E proprio da questa spettacolarizzazione di una storia nata in un contesto che dovrebbe tutelare privacy e anonimato ma al contempo dotata disgraziatamente di abbastanza potenziale emotivo da spingere chi si occupa di informazione a ignorarli è partita la marea di dichiarazioni, opinioni, offerte di aiuto economico che, manipolando a proprio piacimento le poche informazioni a disposizione, ha permeato gli spazi mediatici nei giorni immediatamente successivi a Pasqua.
Il primario di neonatologia del Policlinico, Fabio Mosca, in diverse dichiarazioni ha invitato chi ha lasciato il bambino a ripensarci e a tornare a riprenderselo, suggerendo anche di chiedere supporto ad associazioni come il Centro di aiuto alla vita presente all’ospedale – gestito dal Movimento per la vita, gruppo di ispirazione cattolica noto per le campagne contro l’aborto e per le promesse di aiuti economici alle donne che desiderano interrompere una gravidanza a patto che invece la portino a termine (aiuti economici che, solitamente, si interrompono dopo i primi mesi di vita del neonato).
L’appello di Mosca è stato ripreso tra gli altri da Ezio Greggio, che in un video postato sui social network ha promesso di “dare una mano” alla madre biologica del piccolo perché “avere un bambino è una grandissima fortuna”, e “non è giusto che (il neonato) sia abbandonato” poiché “si merita una mamma vera”.
Tralasciando le (ragionevolissime) contestazioni arrivate da genitori adottivi che non hanno apprezzato espressioni come “una mamma che poi dovrà occuparsene ma non è una mamma vera” questo appello racchiude in sé i problemi della narrazione mediatica di questa storia e di storie simili: la totale centralità data alla questione economica (senza che ci siano reali basi per presupporre che sia stata un fattore determinante), come se non potessero esistere altri motivi per non desiderare allevare un bambino che l’impossibilità materiale, il fatto che siano stati ignorati o considerati trascurabili sia il diritto all’autodeterminazione femminile sia quel diritto alla privacy e all’anonimato che è sempre fortemente sottolineato quando si parla delle culle della vita e della possibilità di partorire in ospedale e non riconoscere il neonato come di alternative all’aborto o all’abbandono (nel reale significato del termine).
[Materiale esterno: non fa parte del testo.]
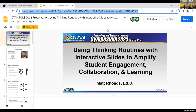Today we're going to be talking about using thinking routines with interactive slides to amplify student engagement, collaboration, and learning. This has been something I've been doing for probably the last five years, starting in the classroom at the K-12 level, working with secondary students, a lot of multilingual learners, a lot of students with diverse learning needs. The goal of these strategies is that they're content agnostic, and I'll talk about that as we go.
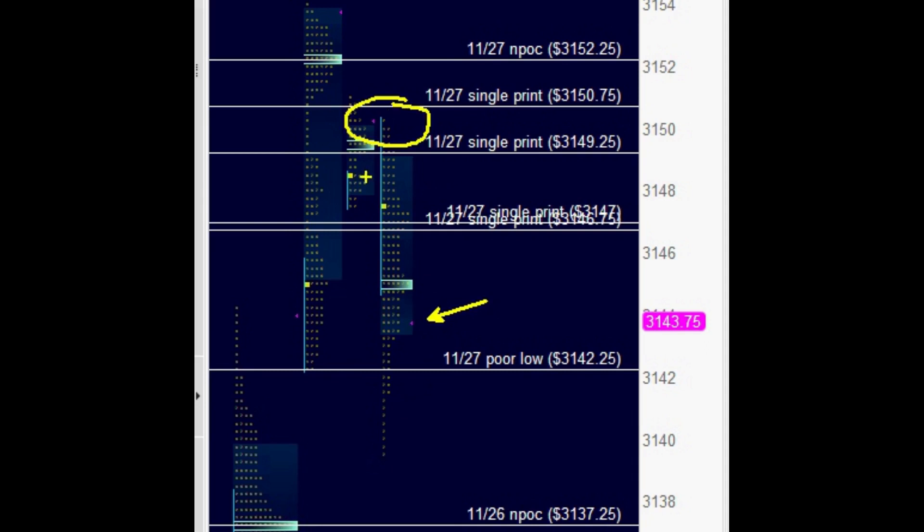In this section, it left a poor high and partial single print from November 27. It has resolved November 27 poor low and left the November 26 point of control remain untagged.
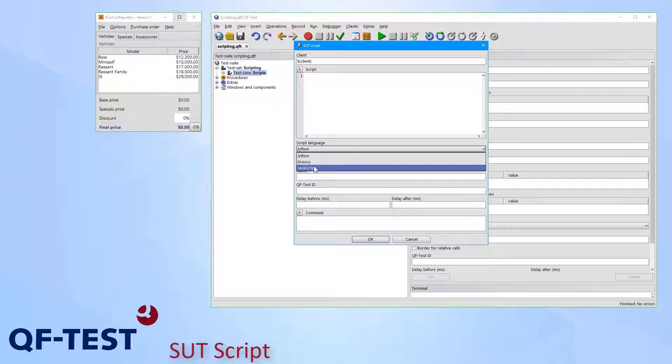A simple use case of an SUT Script is counting the number of rows of a table shown in the system under test and then writing that number to the QF-Test run log. I will use Groovy to implement that script now.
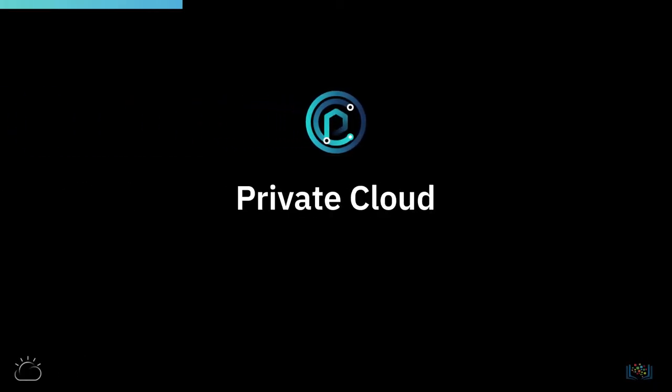In the next video, we will look at the private cloud model, its features, benefits, and some use cases.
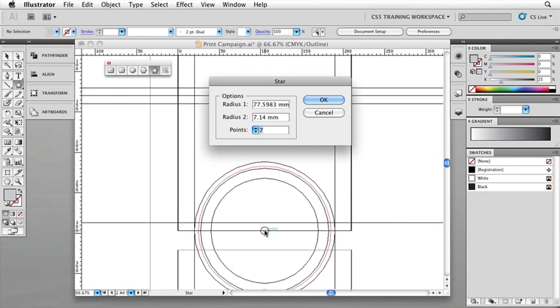So now we've got the star ready to draw from the center point and we're going to be very specific about our measurements here. I'm going to change radius one to be 310 and that will basically take it to slightly larger than our A4 document. And I'll change radius two to five millimeters. So it actually matches the 10 millimeter in total circle that we have in the hub. Now, more importantly, we're going to change the number of points. I'm going to make this an even 16 points. So I'm just hitting the tab key there as well to go between each of those options.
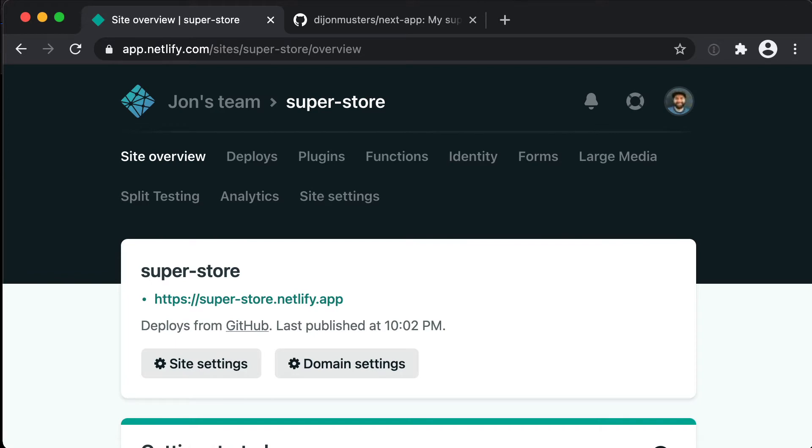Hello and welcome back to this video series where we're looking at building an e-commerce platform in 25 days using Next, Netlify and Stripe.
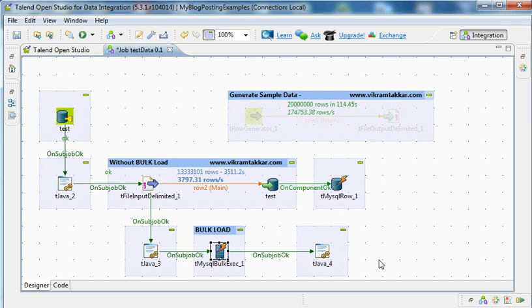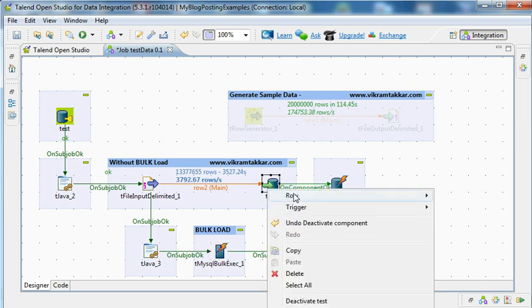If we want to perform all the transformations on the Talend server, then we generally use a simple load. Simple loads come with an option wherein you can collect the reject records. For example, if there is a constraint issue, or if the data coming from a source does not conform to the schema of the output table, then we generally reject those records and collect them into a reject file.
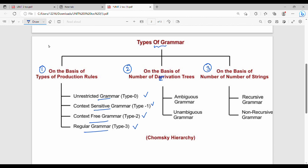On the basis of the number of derivation trees, grammar can be classified as ambiguous or unambiguous.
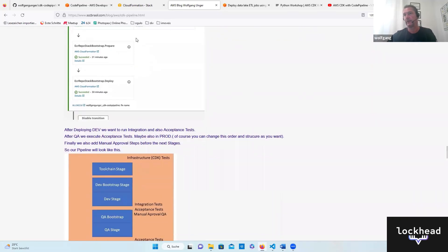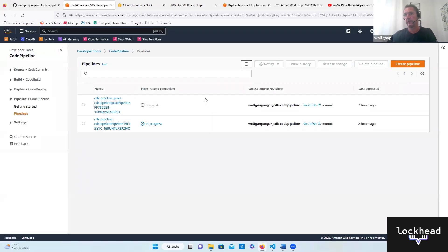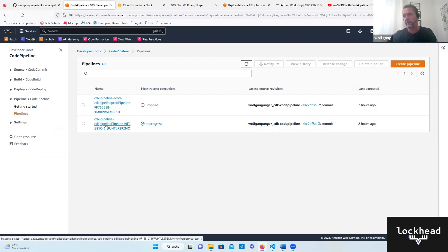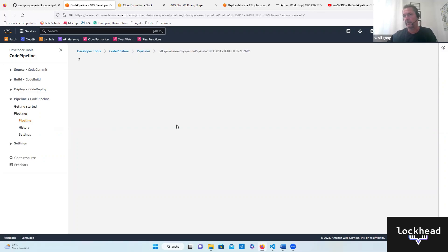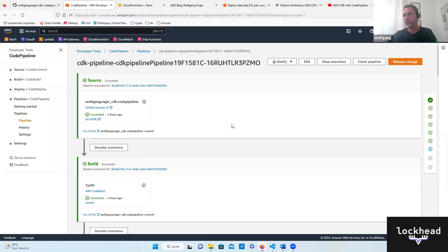The lower environment pipelines are triggered by Git, but the production pipeline is something you would trigger manually. The QA is only continuing once you have a manual approval. So it starts building dev, and after dev all the tests run successfully, it comes to a manual approval. The pipeline diagram shows: a toolchain stage where toolchain resources are deployed, then dev and QA with a manual approval, and if it were one pipeline, also approval for prod.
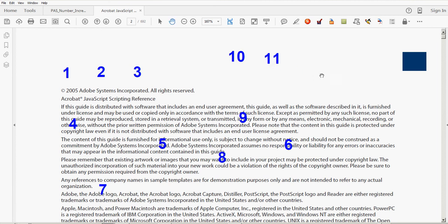And it will know to start at twelve the next time I use that stamp.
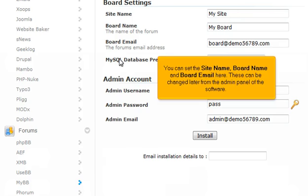You can set the site name, board name, and board email here. These can be changed later from the admin panel of the software.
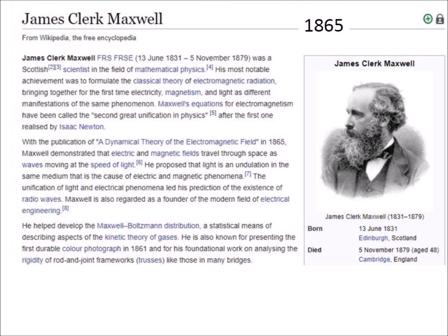In 1865, James Clerk Maxwell published a dynamical theory of the electromagnetic field in which he demonstrated that electric and magnetic fields traveled through space as waves moving at the speed of light. He proposed that light is an electromagnetic phenomenon, and this led to his prediction of the existence of radio waves. In December 1894, Guglielmo Marconi demonstrated the radio transmitter and receiver. The first radio news program was broadcast August 31, 1920, by station 8MK in Detroit, Michigan.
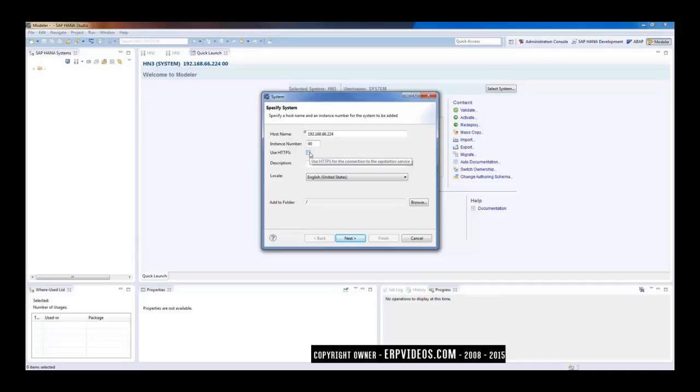So in case if your HANA database is enabled for HTTPS, you need to enable this option. In my case it is not, so I will not select this option.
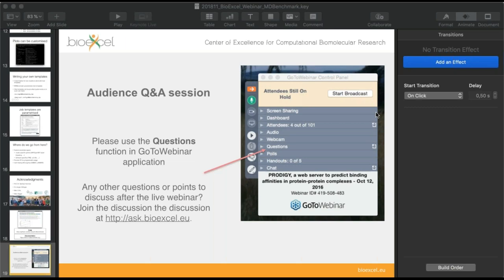If anyone thinks of a question later, or is watching this video on YouTube, visit the BioExcel forums at ask.bioexcel.eu to post your question and we can pass it back to Michael to follow up. Thank you to our speaker one last time, and we hope to see you again for the next BioExcel webinar soon. Keep an eye on our website. Thank you all for coming — goodbye.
I problemi relativi a questo caso sono in realtà più profondi, non dovuti solo al modo in cui è stato raccontato e al calvario mediatico a cui è stata sottoposta una donna colpevole di aver fatto una scelta libera e sicura, e si possono far risalire all’origine e agli obiettivi del sistema delle culle per la vita.
La prima di queste versioni moderne della ruota degli esposti è infatti stata installata nel 1992 a Casale Monferrato proprio dal Movimento per la Vita: ne sono seguite molte altre, gestite anche da altre associazioni, spesso non all’interno di luoghi legati alla sanità pubblica ma nelle sedi private di questi gruppi o in edifici appartenenti a comunità religiose. Attualmente in Italia sono circa 50, usate una manciata di volte.
Potrebbero essere uno strumento per ampliare la possibilità di scelta delle donne, accanto alla legge del 2000 che consente il parto in anonimato e quindi di lasciare legalmente un neonato in ospedale senza riconoscerlo, eppure chi se ne occupa agisce contemporaneamente per ridurla, dichiarando esplicitamente di voler favorire le adozioni a scapito degli aborti, entrando negli ospedali per cercare di convincere le donne a portare avanti le gravidanze in cambio di soldi, affermando di dover tutelare “quella moltitudine di bambini a cui è impedito di nascere in nome di falsi diritti e di una interpretazione corrotta della libertà”, come ha di recente fatto la presidente del Movimento per la Vita.